> **TASK**
Would you copy the lines below exactly and omit the images?

> **INFORMATION SUPPLIED**
++++++

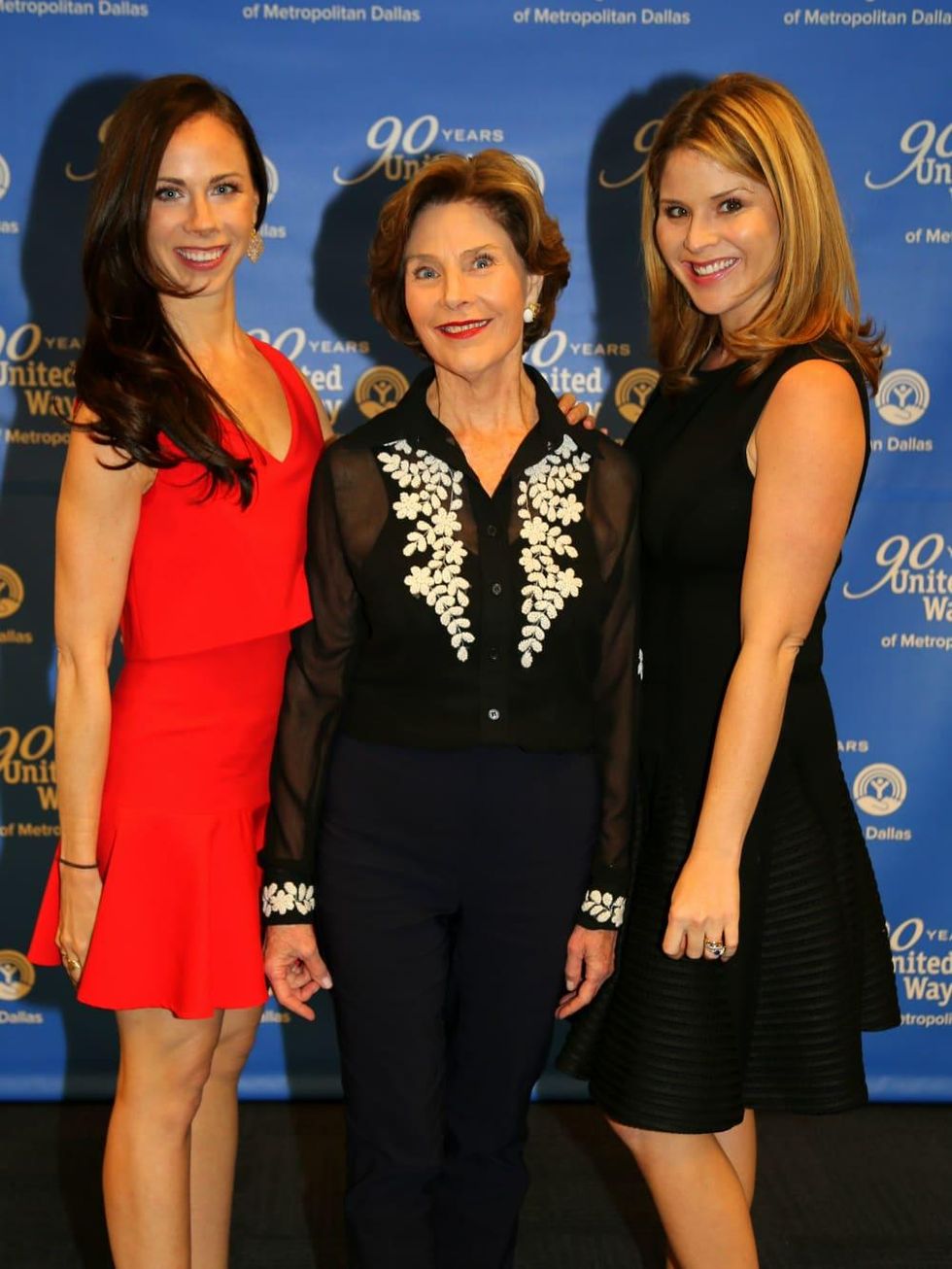 Barbara Bush, Laura Bush, Jenna Bush Hager, Unite Forever Gala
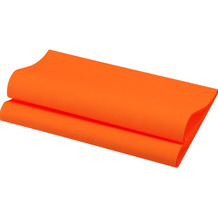 Duni Bio-Dunisoft-Servietten sun orange 40 x 40 cm 1/ 4 Falz 60 Stück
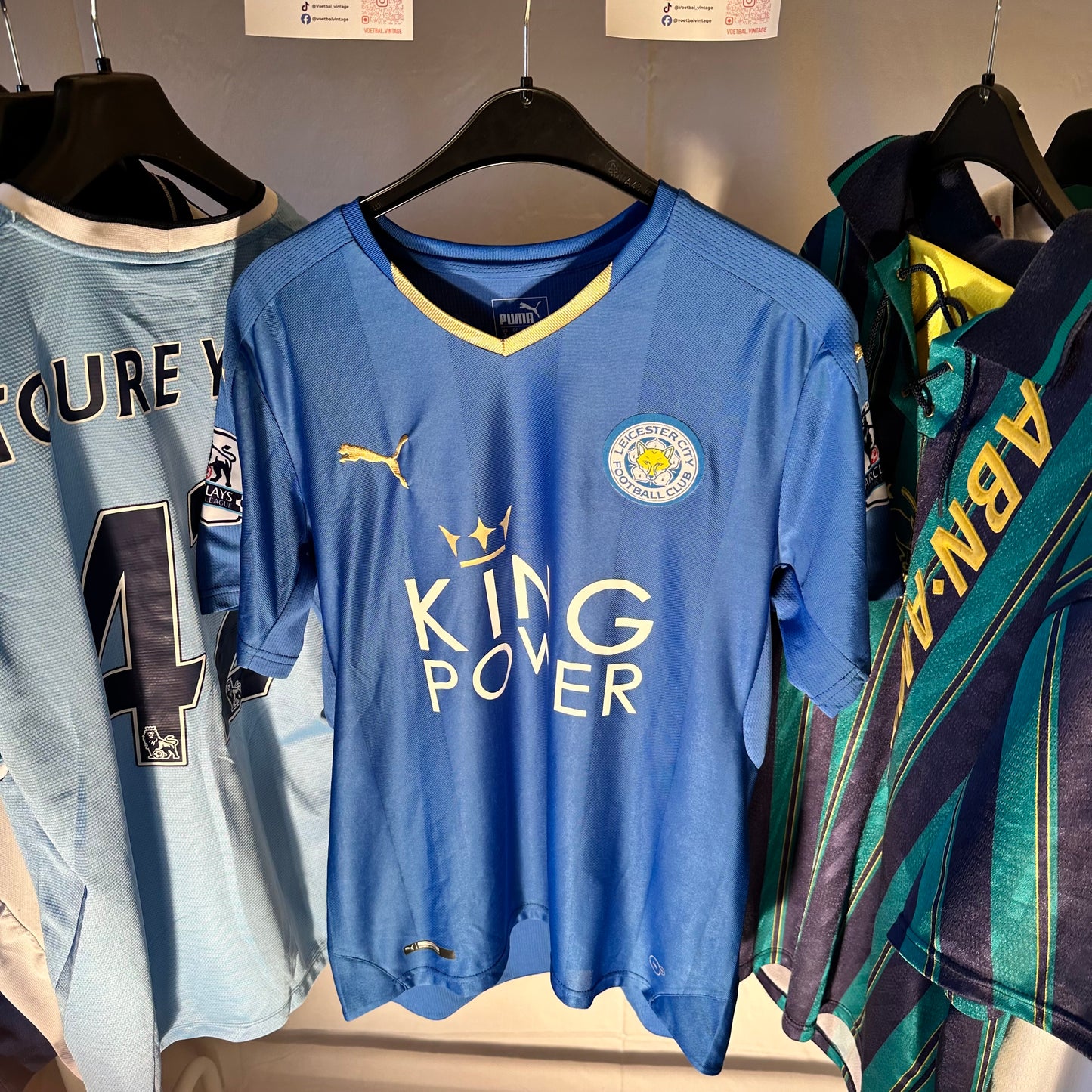 Jamie Vardy Leicester City 2016-17 Maat: S/M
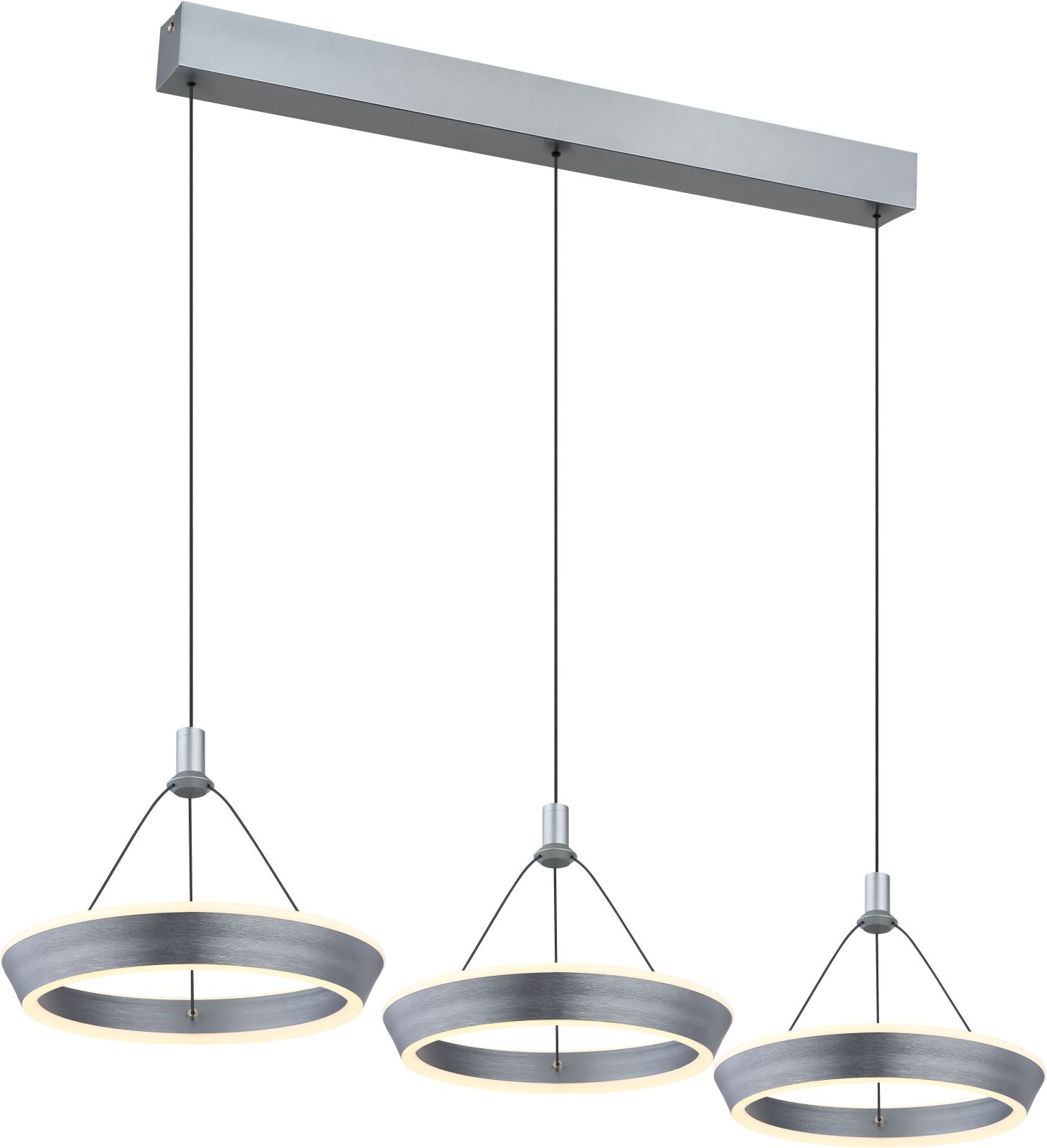 LED-Hängeleuchte - titanfarben - 97,5 cm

++++++

> **YOUR RESPONSE**
 Barbara Bush, Laura Bush, Jenna Bush Hager, Unite Forever Gala
 Duni Bio-Dunisoft-Servietten sun orange 40 x 40 cm 1/ 4 Falz 60 Stück
 Jamie Vardy Leicester City 2016-17 Maat: S/M
 LED-Hängeleuchte - titanfarben - 97,5 cm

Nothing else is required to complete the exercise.